Important post

Tributes to Althea Hayton

Althea Hayton, founder of Womb Twin, passed away peacefully on August 13 (sorry for the delay in posting this news on the blog). We are all ...

Wednesday, February 02, 2011

4: Death of a twin in the second trimester

Chapter Four: the death of a twin in the second trimester

This was the most difficult chapter to write.  It's all about death and dead bodies.  Apart from twin to twin transfusion, abnormal development and other reasons for one twin to die,  the issue came up of MFPR.

I have written about this chapter before on this blog, but here is what I decided to say in this book.

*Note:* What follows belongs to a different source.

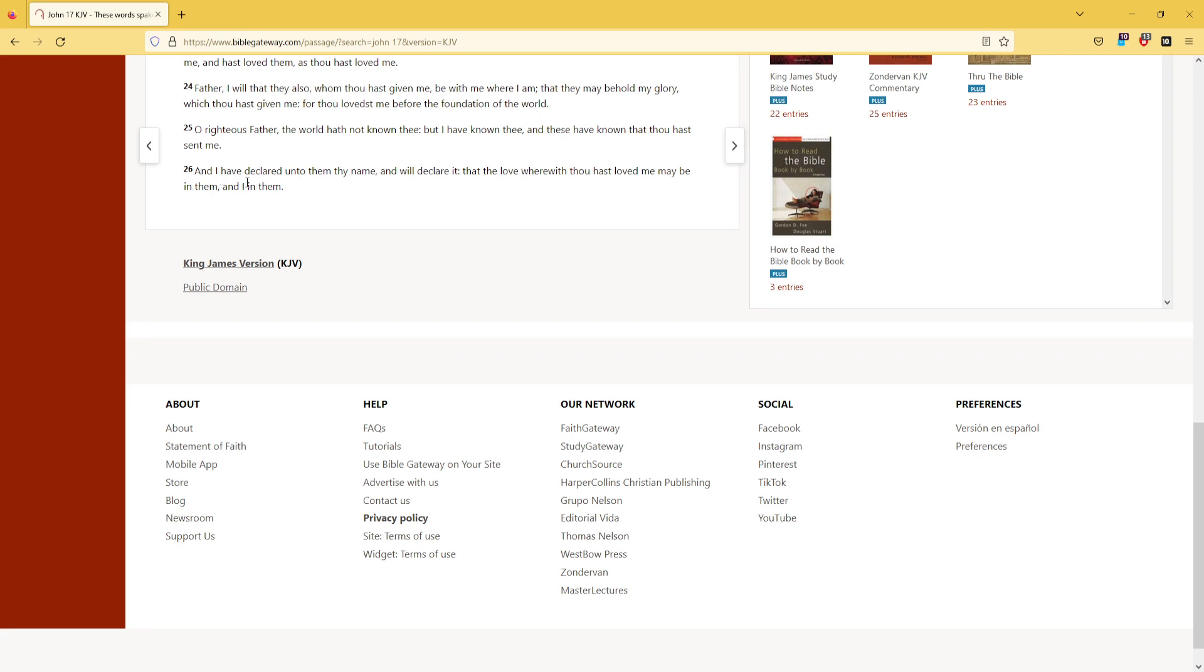And I have declared unto them thy name, and will declare it, that the love wherewith thou hast loved me may be in them, and I in them.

Multi-foetal pregnancy reduction (MFPR)
Foeticide can be carried out on healthy foetuses in the second trimester, when there are too many foetuses developing in a multiple pregnancy. There there is a risk that they will all be lost if the numbers are not reduced somehow.  There is usually some natural loss of one or more foetuses in the early stages of a multiple pregnancy. However there may be too many in the second trimester and they may be “reduced” by the same surgical methods described above.  The controversial issue of “pregnancy reduction” (i.e. selective foeticide of one or more foetuses in the second trimester, who may or may not have some abnormality) follows an increase in the use of fertility-enhancing drugs and the resultant multiple implantations.  The intent is to reduce the number of developing foetuses from four or more to triplets or twins, in order to increase the possibility that the remaining babies will survive to term.
    Through the 1980s and 1990s, various forms of selective foeticide were developed.  These were based on an earlier system developed in the 1980s, of puncturing the heart of the selected foetus and injecting air into the circulation. The selection of foetuses for MFPR is usually made in the first trimester, but where possible it is  considered helpful to wait until the second trimester, when the foetuses are a little more developed and any abnormalities can be more easily diagnosed. The method of choice today for selective foeticide is potassium chloride injected directly into the heart of one or more of the selected foetuses.  This is a well-known method of causing cardiac arrest. 
    The policy now adopted by some assisted reproduction clinics is to transfer only one or two embryos during IVF. Also, some steps are being taken to limit the irresponsible use of fertility drugs, so the number of pregnancies with triplets and more is gradually reducing. However, the focus now is on twins. Because the reduction procedure is now available, some parents are asking for twins to be “reduced” to a single baby in order to guarantee delivery of one healthy baby.
    One study in Denmark of 44 multiple pregnancies reduced to two foetuses included sixteen pregnancies reduced from twins to a singleton.  In this study the good effects of reduction from twins to one were clear in terms of the size of the babies and the length of the pregnancy.
    In the light of positive reports such as this, the practice of selective foeticide is likely to continue, despite the misgivings of some professionals.  An article entitled “Do reduced multiples do better?” published in 2005 stated clearly that they do.  The same article reports that women over 40 carrying twins benefited from a relative lack of pregnancy problems when their twin pregnancy was reduced to a single womb twin survivor.
    The emotional problems experienced by the parents, who have the option of watching while a selected few of their multiples are destroyed, are only now being addressed.  It is known that the parents find MFPR very difficult, in particular the arbitrary nature of the selection. Some professionals have been voicing their concern about the emotional difficulties associated with MFPR, because no details are available about the possible effect on the survivors or how the parents should tell them, if ever. 
The survivors of MFPR
In published articles about MFPR there is little mention of any health and disability problems caused to the surviving babies.  We know that dichorionic DZ and MZ twins suffer fewer problems when their co-twin dies,  so it is to be assumed that most successful pregnancy reductions take place among foetuses who are developing in their own a separate chorion.  Held safe in their own private life-support system, dichorionic twins presumably suffer no physical ill-effects as a result of the sudden heart failure of one or more of their fellow womb-mates.  MFPR is a recent development, so the survivors are still young at the time of writing.  Consequently, no specific studies have yet been carried out to discover what, if any, physical or psychological effects they may be experiencing today.
    It seems to suits the interests of both parents and professionals not to emphasize the physical effects on the survivor when a co-twin dies, let alone a larger number of fellow foetuses.  This is understandable, as no one would want to cause unnecessary anxiety to a pregnant woman. However, more and more large-scale studies are being carried out and it is becoming clear that there are definite physical effects on the survivors, particularly if their MZ co-twin dies.